13.2 Order Form Changes
Changes to an existing Order Form shall be made by a written amendment signed by both parties or as otherwise agreed in writing (including electronic means).
14. Force Majeure
14.1 Events
Neither party shall be liable for delays or failures to perform due to events beyond its reasonable control, including acts of God, war, terrorism, natural disasters, strikes, or pandemics.
14.2 Notification
A party affected by a force majeure event shall promptly notify the other and use reasonable endeavours to mitigate its effects.
15. Notices
15.1 Form of Notice
All notices must be in writing and delivered by email or registered post to the contacts specified in the Order Form (or subsequently notified in writing).
15.2 Deemed Receipt
Notices sent by registered post are deemed received three (3) business days after posting. Notices sent by email are deemed received on the next business day after sending, provided no delivery failure notice is received.

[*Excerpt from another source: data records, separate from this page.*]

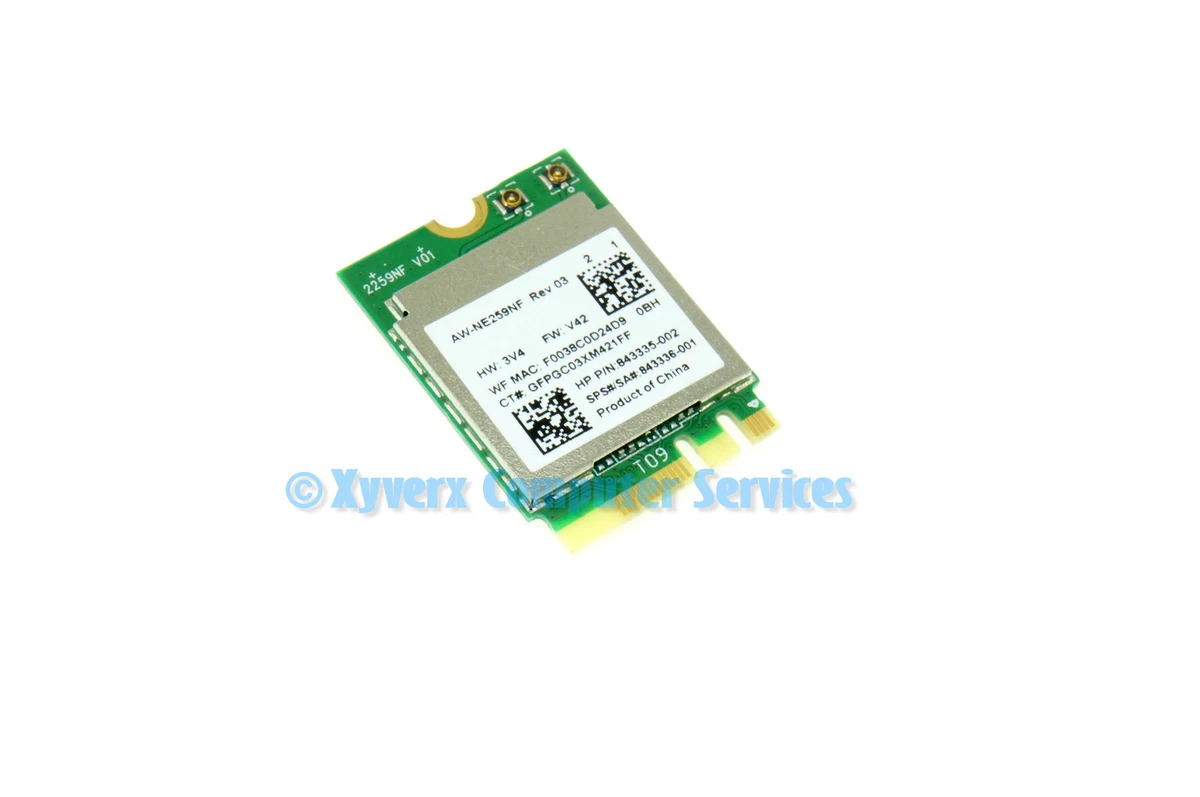 857334-855 843335-002 GENUINE ORIGINAL HP WIRELESS CARD 17-X 17 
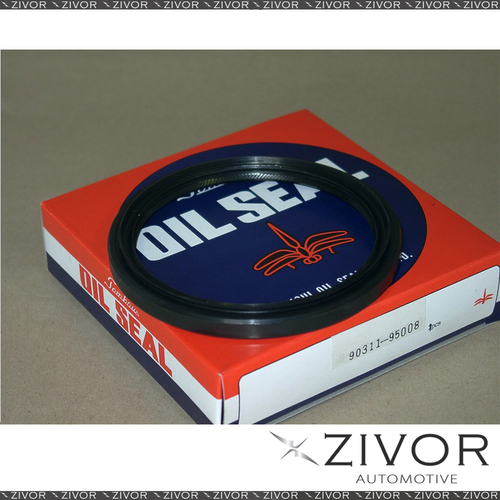 Crankshaft Rear Seal (Rear Main Seal) For Toyota Landcruiser HZJ80 4.2L DSL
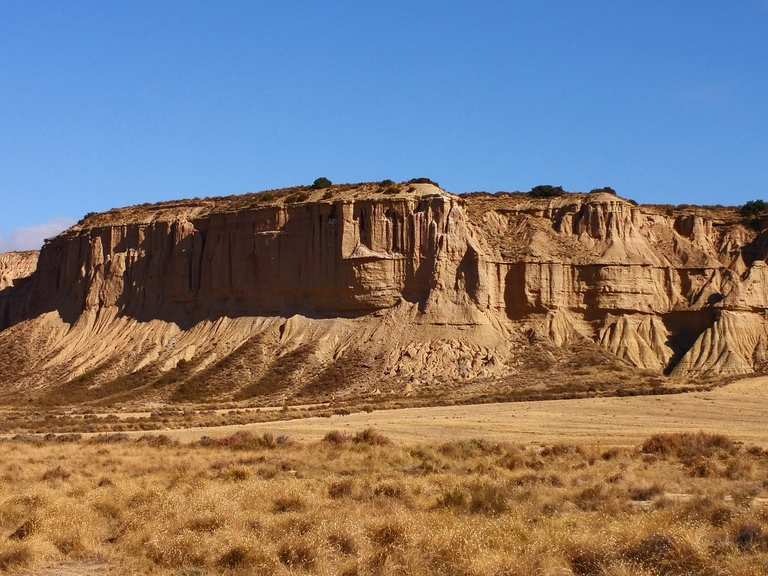 Parque Natural de las Bardenas Reales – vuelta completa | mountain bike ...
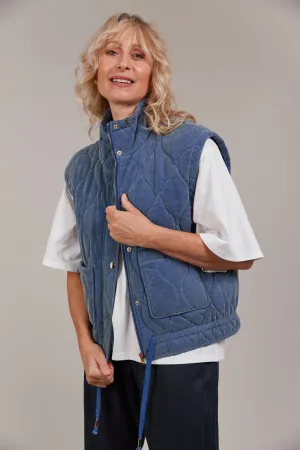 Pepi Vest - Denim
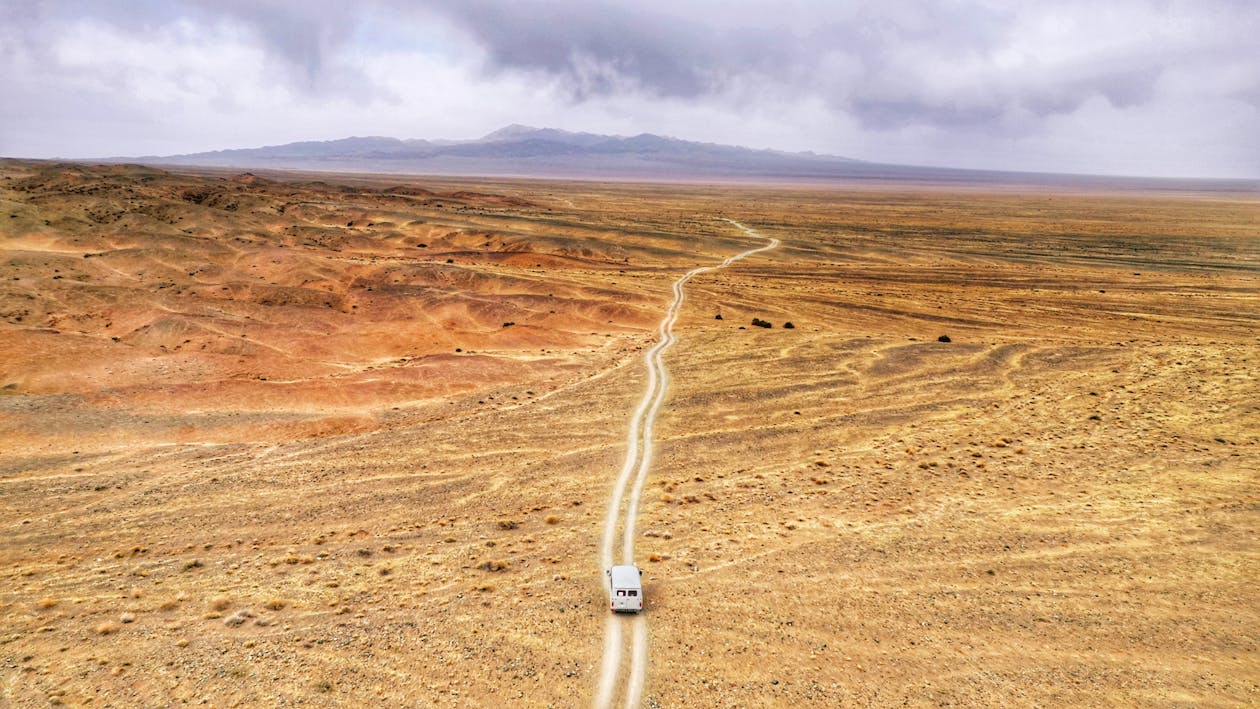 Off-road travel in Mongolia - essential transportation tip in Mongolia travel guide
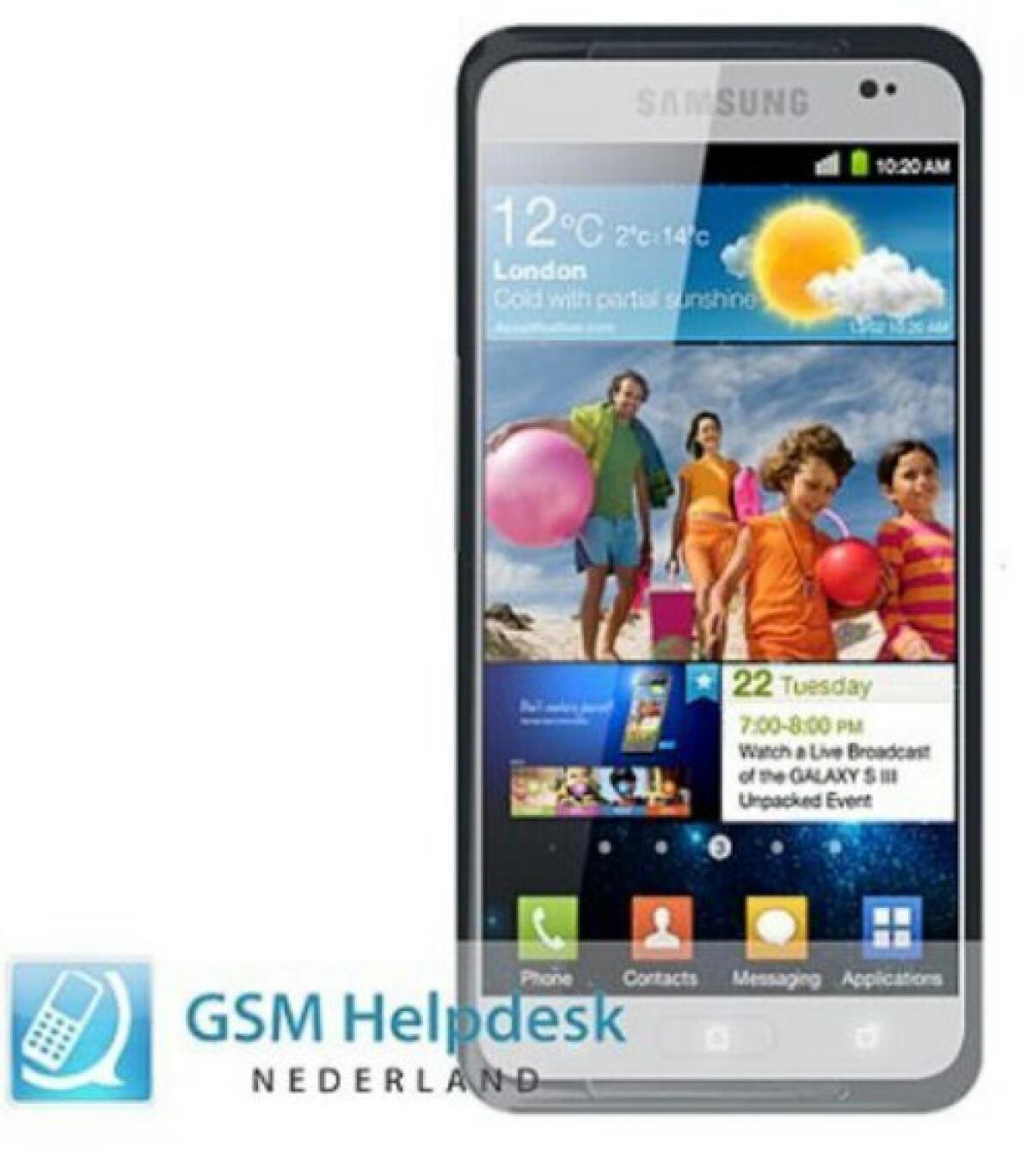 Samsung Galaxy SIII: Caratteristiche ed immagini ufficiose ? -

16. Governing Law and Jurisdiction
16.1 Governing Law
These Terms and any disputes arising out of or in connection with them (whether contractual or non-contractual) shall be governed by and construed in accordance with the laws of England and Wales.
16.2 Jurisdiction
The courts of England and Wales shall have exclusive jurisdiction to settle any disputes arising out of or in connection with these Terms.
17. Dispute Resolution
17.1 Good Faith Discussions
The parties shall first seek to resolve any disputes informally through good faith discussions.
17.2 Escalation
If a dispute cannot be resolved amicably, either party may refer it to a senior executive of each party for resolution.
17.3 Legal Proceedings
If the dispute is not resolved within 30 days following escalation, either party may pursue its remedies in the courts as set out in Clause 16.2.
18. General Provisions
18.1 Independent Contractors
The parties are independent contractors. No partnership, agency, or joint venture is created by these Terms.

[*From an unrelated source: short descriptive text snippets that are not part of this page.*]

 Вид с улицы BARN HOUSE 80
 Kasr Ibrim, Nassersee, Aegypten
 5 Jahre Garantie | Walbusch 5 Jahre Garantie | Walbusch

18.2 No Third-Party Rights
Except as otherwise stated, these Terms do not confer any rights on third parties.
18.3 Severability
If any provision of these Terms is found unenforceable, it shall be amended to the minimum extent necessary to make it enforceable, and the remaining provisions shall remain in full force and effect.
18.4 Entire Agreement
These Terms, together with any Order Form and referenced documents, constitute the entire agreement between the parties relating to the subject matter and supersede all prior agreements.
18.5 Waiver
No waiver of any breach shall be considered a waiver of subsequent breaches.